- **Activity**
Shown below are entries with pictures; the line with "Property photo of" through the line with "Top Model: Alexi" is the span to retype exactly, and the pictures stay out.

Source data
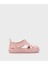 S10343-197 Kız Çocuk Surfi Maquillaje Soft Pink Pembe Sandalet 1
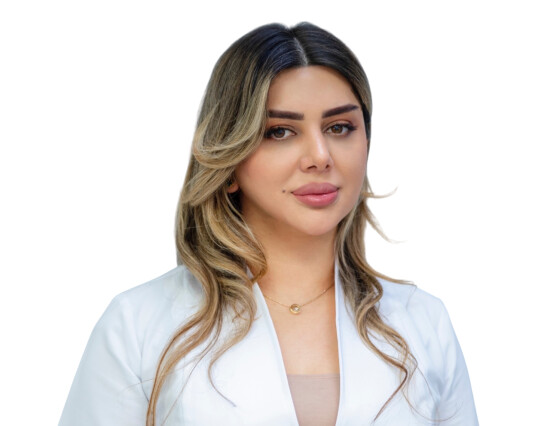 Врач Нажмудинова Саида Зейнидиновна 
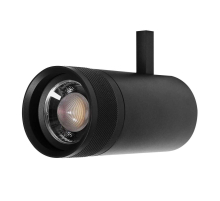 Светильник профессиональный д/треков BARRA/QUATTRO высокого качества света с низким уровнем дискомфорта Canno Pro Lightstar 304307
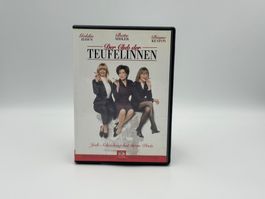 DER CLUB DER TEUFELINNEN - Versand A-Post nur CHF 2.50!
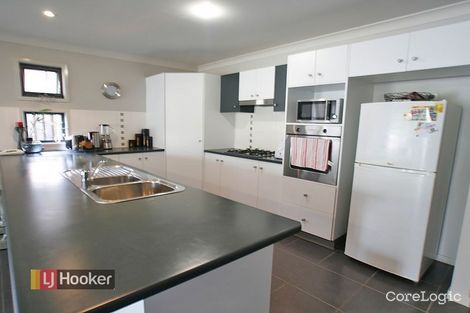 Property photo of 7 Birdwing Crescent Kallangur QLD 4503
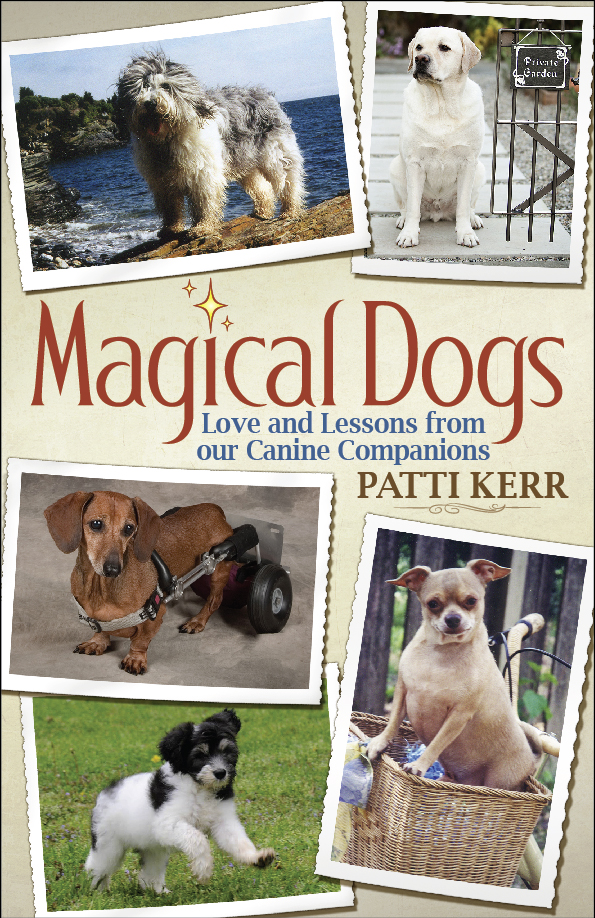 Opening to Magic Led to "Magical Dogs"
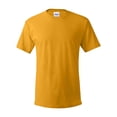 thumbnail image 1 of Hanes Essential-T T-Shirt for Men and for Women Classic Fit Short Sleeve Cotton, 1 of 5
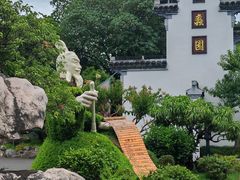 -无锡蠡湖国家湿地公园-蠡园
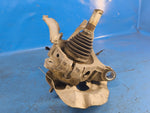 Swivel fist LAND ROVER EVOQUE 19- 2020 Right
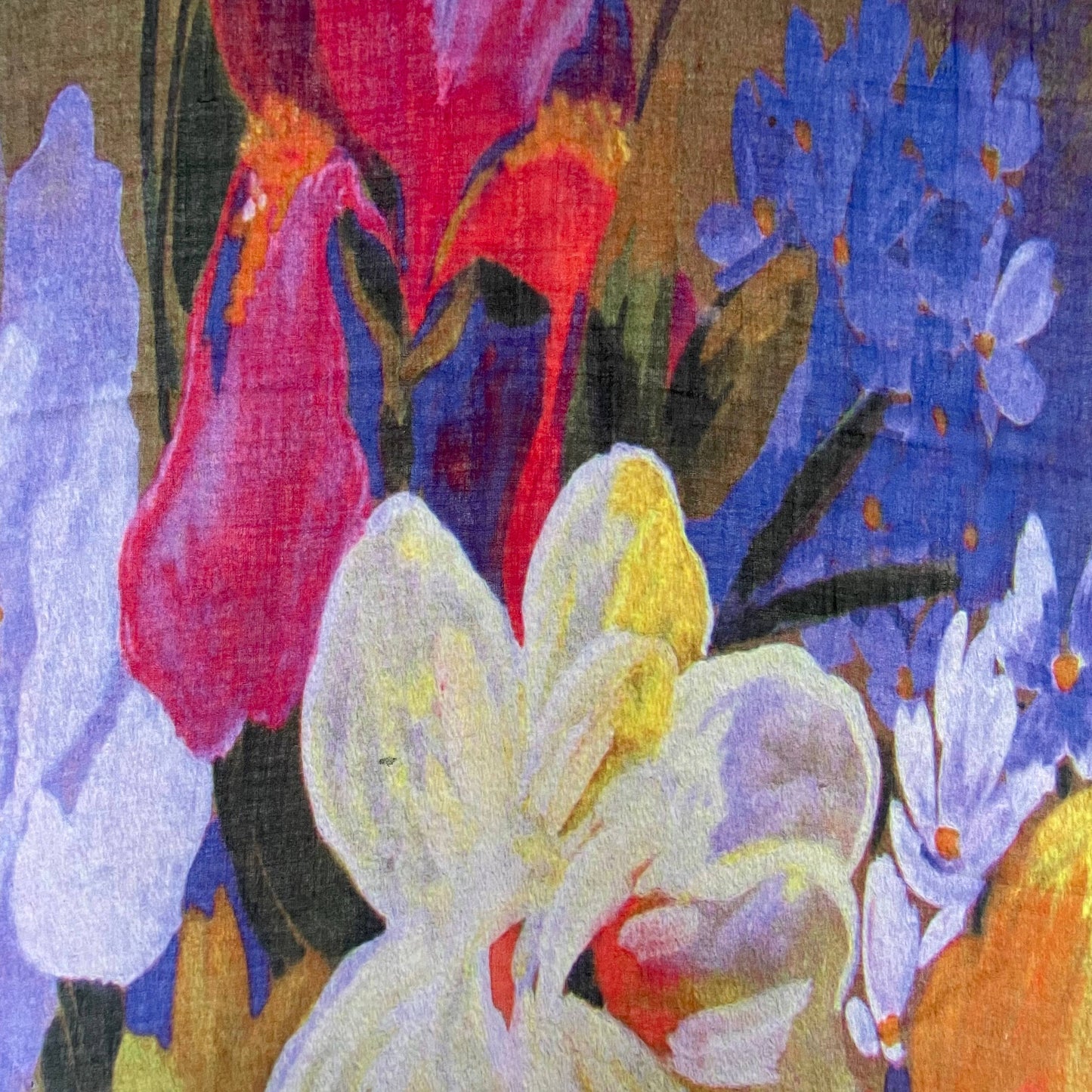 Margot Scarf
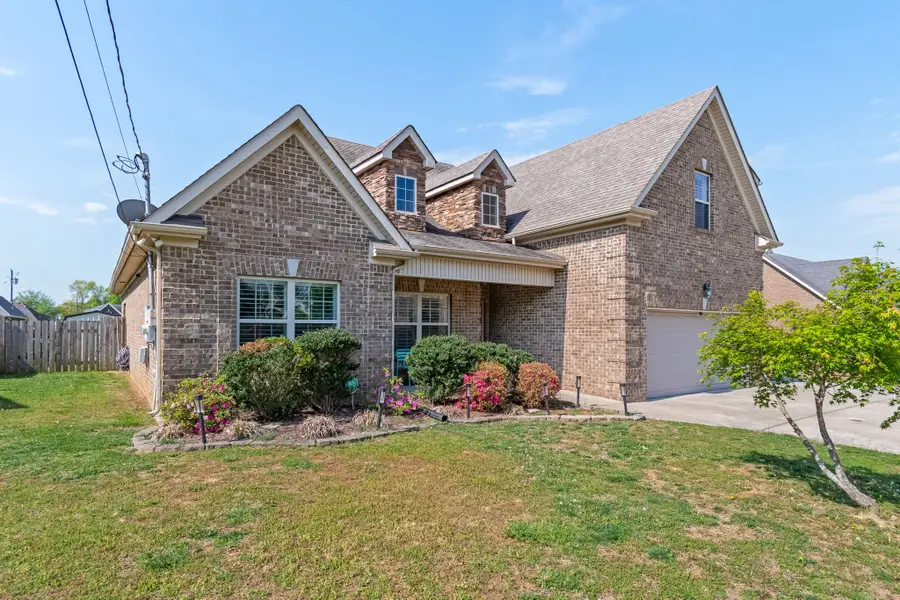 1021 Brokencreek Ln, Murfreesboro, TN 37129 - #3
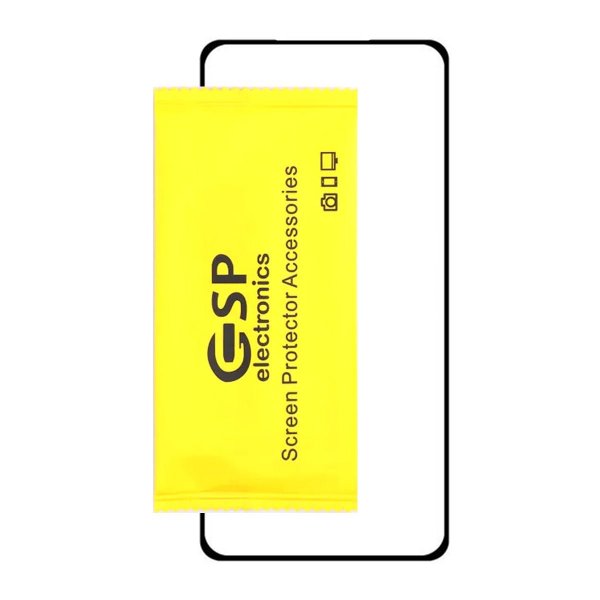 Samsung Galaxy XCover 5 Skjermbeskytter Herdet glass 3D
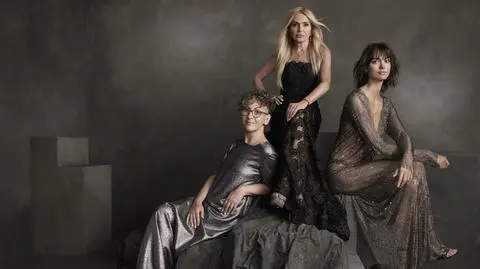 Top Model: Alexi Lubomirski zrobił niesamowitą sesję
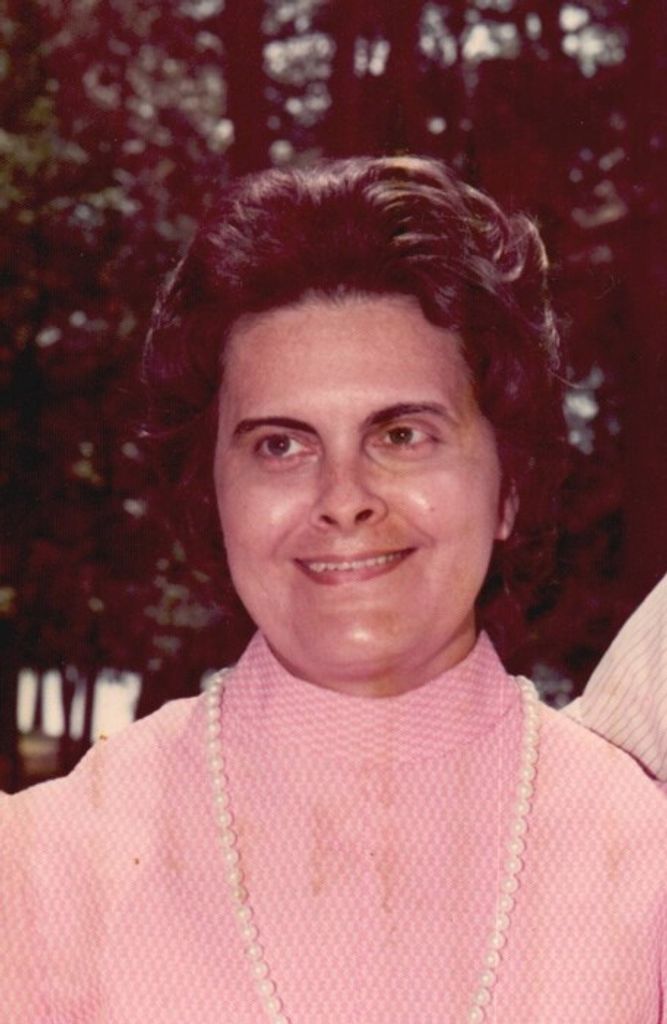 Shirley Powers of Oakdale, TN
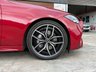 USED 2025 57 MERCEDES-BENZ C CLASS 2.0 C300h MHEV AMG Line (Premium) Estate 5dr Petrol Hybrid G-Tronic+ Euro 6 (s/s) (278 ps) New Mercedes Service Included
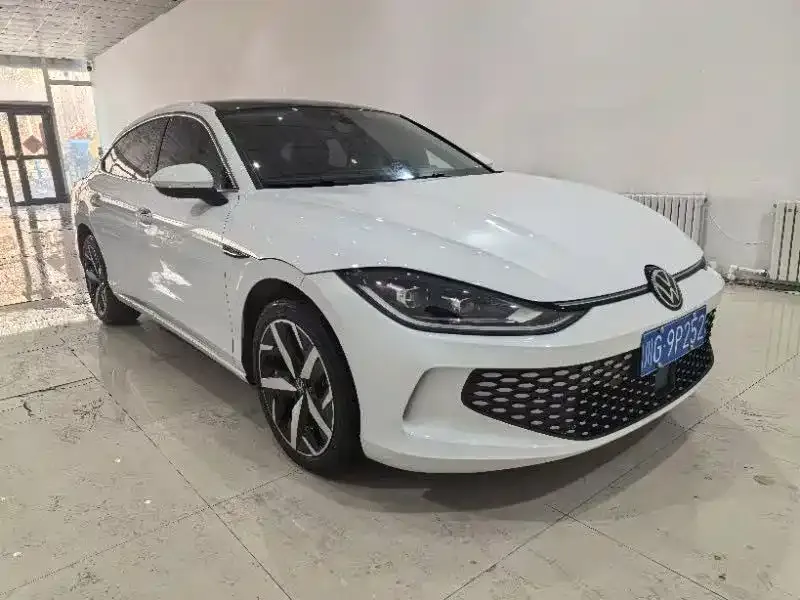 2024 Volkswagen Lamando L 280TSI DSG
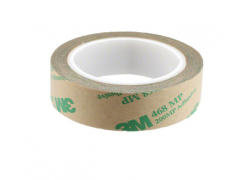 Double-sided tape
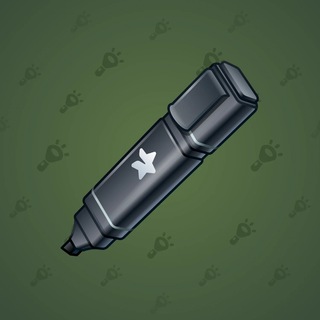 Fine Pen #8280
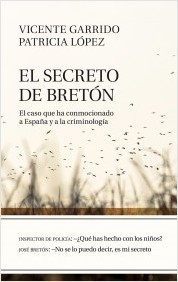 El secreto de Bretón book cover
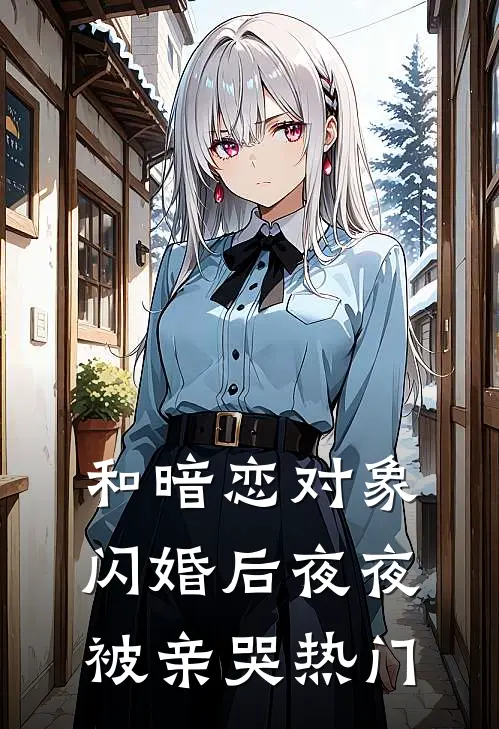 和暗恋对象闪婚后夜夜被亲哭热门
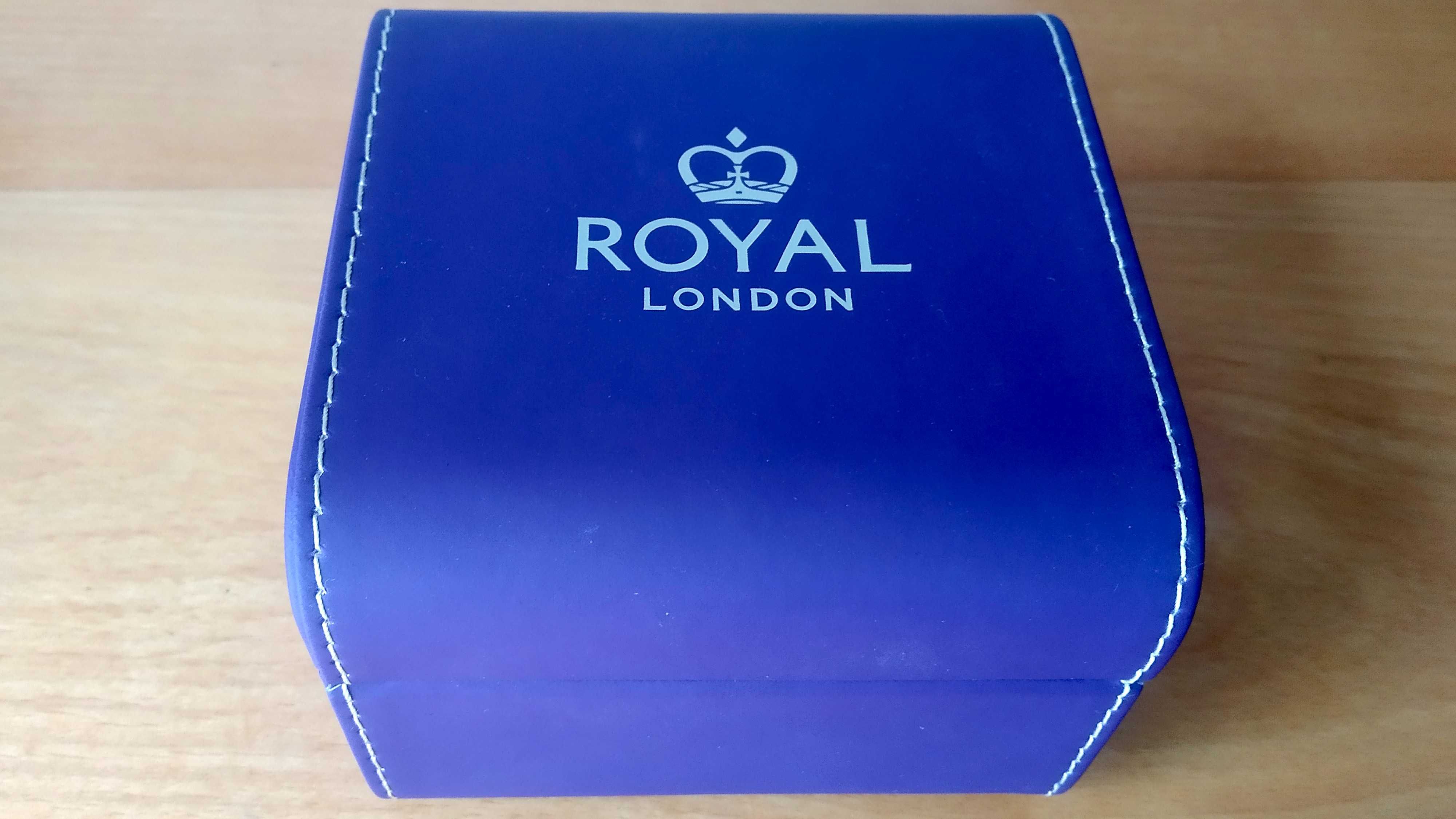Годинник Royal London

- **Exercise response**
 Property photo of 7 Birdwing Crescent Kallangur QLD 4503
 Opening to Magic Led to "Magical Dogs"
 thumbnail image 1 of Hanes Essential-T T-Shirt for Men and for Women Classic Fit Short Sleeve Cotton, 1 of 5
 -无锡蠡湖国家湿地公园-蠡园
 Swivel fist LAND ROVER EVOQUE 19- 2020 Right
 Margot Scarf
 1021 Brokencreek Ln, Murfreesboro, TN 37129 - #3
 Samsung Galaxy XCover 5 Skjermbeskytter Herdet glass 3D
 Top Model: Alexi Lubomirski zrobił niesamowitą sesję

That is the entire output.